Lifting sanctions on Burma’s regime would be a mistake

Last Sunday international election monitors and media outlets reported a remarkable event in Burma. Nobel Peace Laureate Aung San Suu Kyi — who spent years under house arrest, and sometimes in prison, fighting for democracy and justice — was elected to parliament. All week, calls have grown for all economic sanctions and international pressure on the Burmese regime to be lifted.

Heeding these calls would be a serious mistake.

I and a colleague spent election day in Kachin state, in the northernmost part of Burma, also known as Myanmar. Bullets, not ballots, are the currency there. International observers and reporters are not welcome. After crossing the border from China under the cloak of darkness, and making our way over bone-crushing roads, we saw why.

Tens of thousands of Kachins, a long-repressed ethnic minority, have been forced from their homes into crowded makeshift camps as more and more Burmese troops march into an area rich in natural resources. Despite President Thein Sein’s promise to pull back the military in December, the opposite is happening in Kachin, where the escalation of troops, weapons and brutality continues unabated.

I met several dozen Kachin who had just escaped from their village, leaving behind their homes, crops and livestock. Some had walked for four days with only enough food for their children, carrying all that remained of their belongings on their backs.
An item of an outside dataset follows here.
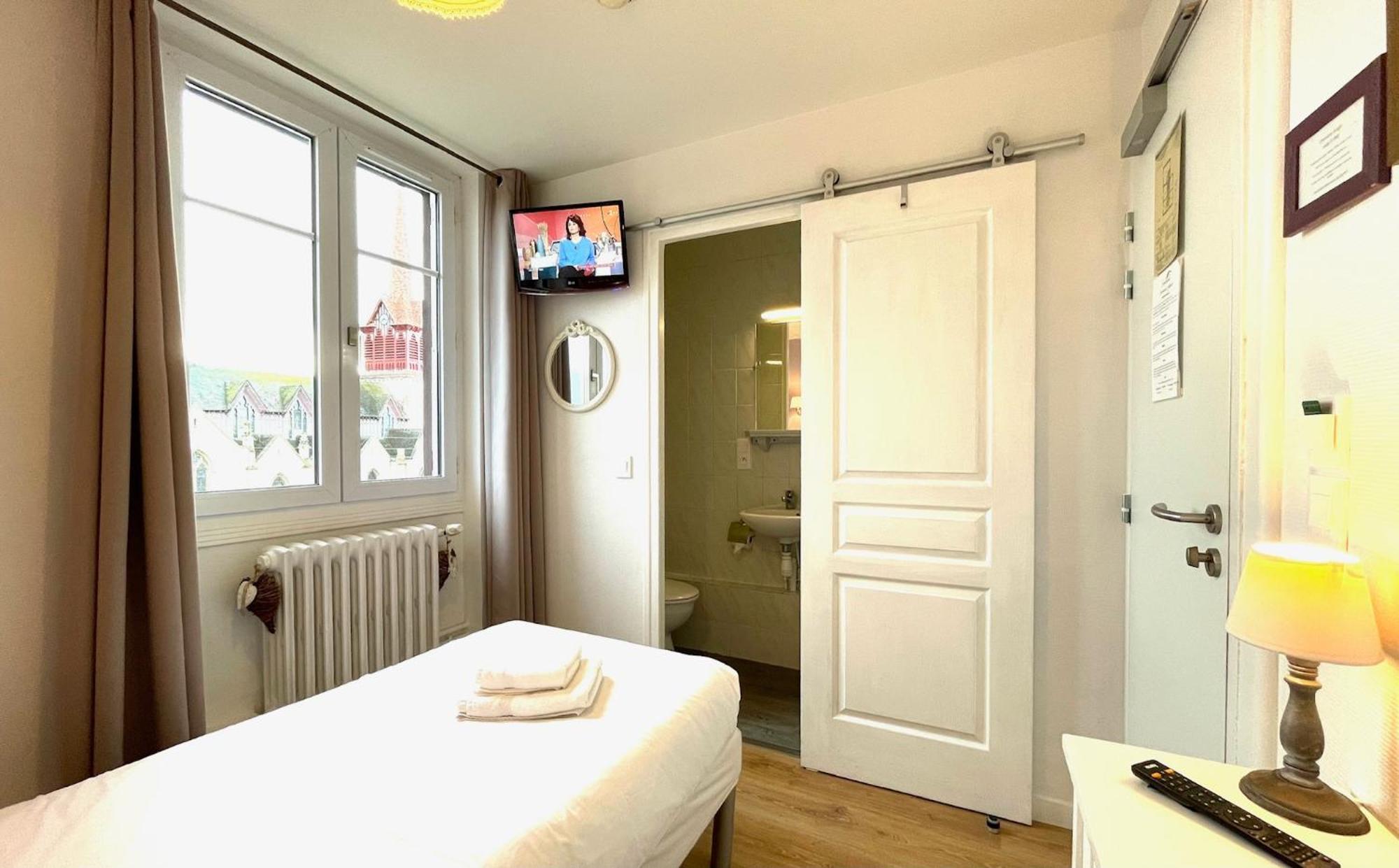 La Villa Les Mots Passants Cabourg Extérieur photo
They fled to makeshift camps that lack adequate food, sanitation and health care. We saw children with obvious respiratory illness and skin disease. The government’s unwillingness to allow food or humanitarian aid into these areas recently gave way to international pressure. We saw five United Nations trucks delivering food. Still, relief workers told us it was only a small fraction of what was needed. A child coming down with what would otherwise be a highly treatable illness can die under these conditions. We attended the funeral of one such child — an 11-month-old who died after contracting diarrhea. The family asked that we stay as honored guests so that we, and the outside world, would know.

A farmer described being apprehended when he, his wife and father-in-law were harvesting corn. They were forced to carry the corn to a military encampment but attempted to escape. His wife was caught and he has not seen her since. A Baptist minister, father of seven, was apprehended after he tried to sneak back to his village. His wife, speaking with a toddler afoot and an infant on her back, sobbed as she said she had no idea what had become of him.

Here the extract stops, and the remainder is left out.